Çocuklarımızın terbiyesinde de bu çok önemli bir pedogojik hareket noktası olmalıdır, çocuklarımız önce ailenin sorunları ile yüzleşerek terbiye edilmeli sonra okullarda ülke sorunlarını ve bunların neden ve çözümlerini öğrenmelidirler.biz aile sorunlarını da ülke sorunlarını da çocuklarımızdan gizlemeyi model almış bir terbiye sistemi kullanıyoruz.Sonuçta ülkemizin geleceği olan çocuklar en küçük bir sorunda bile panik yaşıyor çözüm üretemiyorlar, sorunlar çözülmedikçe toplumsal yaralar daha da derinleşmekte ,kronikleşmekte
Eğitim müfredatlarımıza “din eksenli dersleri koymakla,arapca Osmanlıca kısır tartışmaları yaratmakla kılık kıyafet hengameleri yaratarak oy eyyamcılığı yapmanın toplumumuzu getirdiği nokta burasıdır dostlarım ..DENİZ BİTTİ.

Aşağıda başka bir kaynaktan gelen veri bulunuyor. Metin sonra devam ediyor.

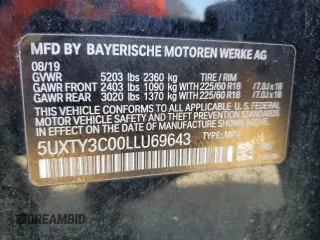 2020 BMW X3 sDrive30i with VIN 5UXTY3C00LLU69643, listed as a Copart auction lot 47478345 with 150,118 mi miles and Clean Title. Bid and sale history available at carsss.com. Image 13.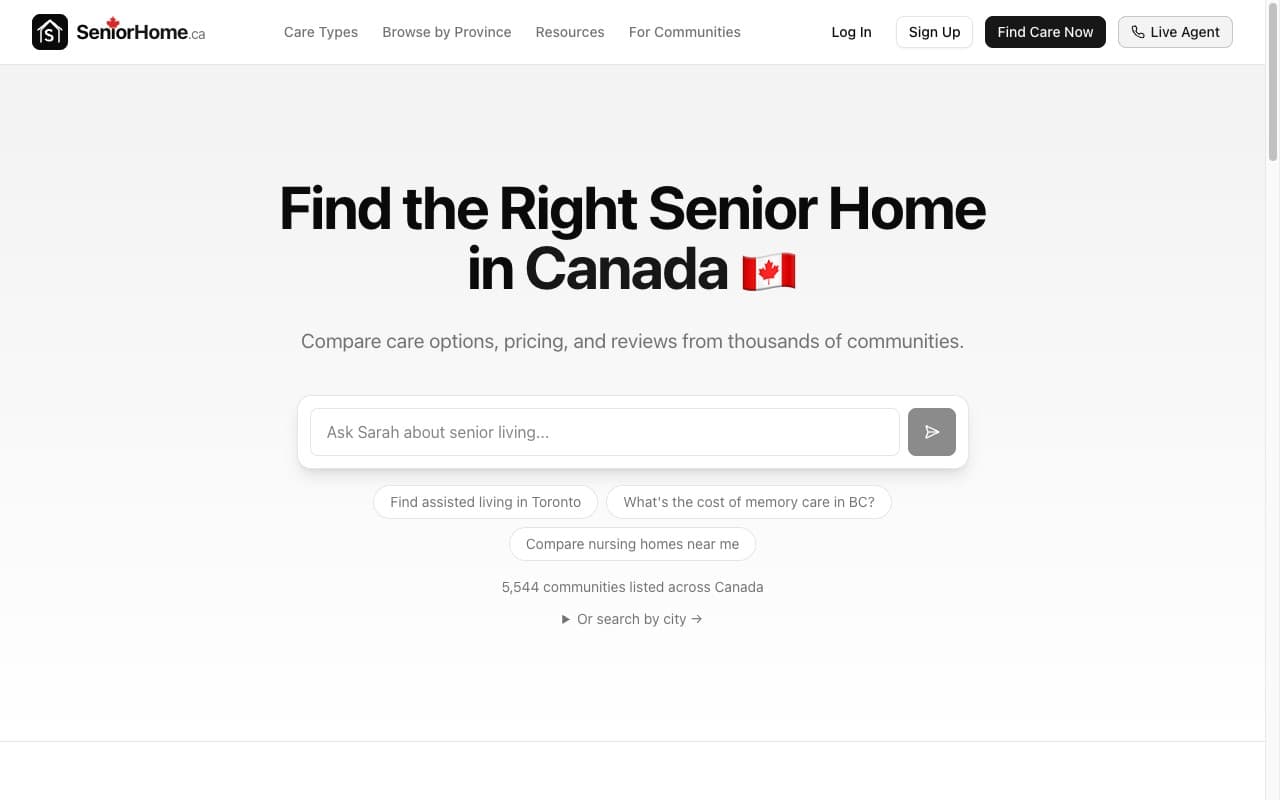 SeniorHome.ca — Finding Care, Simplified.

Şimdi meydanlarda ve satılmış medya organlarında kiralık sözde aydınlar yine bu sorunu sulandırıp hamasi söylemlerle örtmeye çalışacaklar, Dünya artık çok küçüldü bu tür eyyamcılıklar artık prim yapmıyor. daha ağır faturalarla karşılaşmamak için her türlü ama her türlü ulusal sorunumuzu toplumun her kesimi ile paylaşma cesaretini göstermemizin zamanıdır.
Dünya küresel bir ekonomik kriz yaşıyor belirli peryodlarla,ülkemiz politikacıları bu krizden etkilenmeyeceğimiz palavraları ile uyutuyor halkımızı, oysa gerçekleri önceden bilirsek önlemleri alıp kriz etkisinden en az zararla kurtulmak mümkündür.
Gerçeği prangalara vurup okyanusun derinliklerine gömsenizde prangalar süreç içersin de çürüyüp kırılacak ve gerçek günün birinde su yüzüne çıkacaktır.
Sorunlarımıza yol açan nedenleri gizlemeden tüm çıplaklığı ile öğrenmek çözüm üretmede ve sorunların yol açacağı hasarı en aza indirme konusunda önlem almamızı sağlayacaktır.
Yine bir seçim sath-ı mahaline girmek üzereyiz bir kaç gün sonra politikacılarımız EYYAMCI ve HAMASET dolu söylemlerle bangır bangır bağırarak dolaşmaya başlayacaklar meydanlarda,caddelerde.
İyi niyetinden, yurtseverliğinden,fedakarlılığından ve insancıllığından hiç bir zaman kuşkuya düşmediğim yurttaşlarım, hemşehrilerim.Lütfen artık bu gerçekler ışığında siyasal tercihlerimizi yapalım,artık hamaset ile içi kof yutturmacalar ile aldatılmaya dur diyelim ,zira sondan bir önceki duraktayız.